### The task
All that is needed is the listing, transcribed exactly and in full.
>>>>
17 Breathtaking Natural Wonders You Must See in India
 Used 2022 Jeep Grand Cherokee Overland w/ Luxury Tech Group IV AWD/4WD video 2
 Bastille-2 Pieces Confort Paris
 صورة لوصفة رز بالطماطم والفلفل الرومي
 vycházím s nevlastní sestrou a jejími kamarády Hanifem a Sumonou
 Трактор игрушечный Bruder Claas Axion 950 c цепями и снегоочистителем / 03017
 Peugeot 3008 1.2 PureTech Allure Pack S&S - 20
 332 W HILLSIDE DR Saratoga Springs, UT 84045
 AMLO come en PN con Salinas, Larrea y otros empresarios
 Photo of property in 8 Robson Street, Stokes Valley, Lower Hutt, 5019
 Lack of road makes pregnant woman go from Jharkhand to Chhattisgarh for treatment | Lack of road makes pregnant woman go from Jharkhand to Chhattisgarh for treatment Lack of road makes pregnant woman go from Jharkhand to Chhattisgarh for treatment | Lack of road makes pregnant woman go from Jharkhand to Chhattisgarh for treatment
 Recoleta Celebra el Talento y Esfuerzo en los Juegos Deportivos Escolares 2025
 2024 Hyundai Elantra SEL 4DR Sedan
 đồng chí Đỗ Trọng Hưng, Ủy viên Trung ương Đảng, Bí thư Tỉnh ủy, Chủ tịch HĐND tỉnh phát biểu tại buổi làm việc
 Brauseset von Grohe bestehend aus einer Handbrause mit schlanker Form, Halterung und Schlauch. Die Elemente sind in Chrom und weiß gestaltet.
<<<<
### Output for this task
17 Breathtaking Natural Wonders You Must See in India
 Used 2022 Jeep Grand Cherokee Overland w/ Luxury Tech Group IV AWD/4WD video 2
 Bastille-2 Pieces Confort Paris
 صورة لوصفة رز بالطماطم والفلفل الرومي
 vycházím s nevlastní sestrou a jejími kamarády Hanifem a Sumonou
 Трактор игрушечный Bruder Claas Axion 950 c цепями и снегоочистителем / 03017
 Peugeot 3008 1.2 PureTech Allure Pack S&S - 20
 332 W HILLSIDE DR Saratoga Springs, UT 84045
 AMLO come en PN con Salinas, Larrea y otros empresarios
 Photo of property in 8 Robson Street, Stokes Valley, Lower Hutt, 5019
 Lack of road makes pregnant woman go from Jharkhand to Chhattisgarh for treatment | Lack of road makes pregnant woman go from Jharkhand to Chhattisgarh for treatment Lack of road makes pregnant woman go from Jharkhand to Chhattisgarh for treatment | Lack of road makes pregnant woman go from Jharkhand to Chhattisgarh for treatment
 Recoleta Celebra el Talento y Esfuerzo en los Juegos Deportivos Escolares 2025
 2024 Hyundai Elantra SEL 4DR Sedan
 đồng chí Đỗ Trọng Hưng, Ủy viên Trung ương Đảng, Bí thư Tỉnh ủy, Chủ tịch HĐND tỉnh phát biểu tại buổi làm việc
 Brauseset von Grohe bestehend aus einer Handbrause mit schlanker Form, Halterung und Schlauch. Die Elemente sind in Chrom und weiß gestaltet.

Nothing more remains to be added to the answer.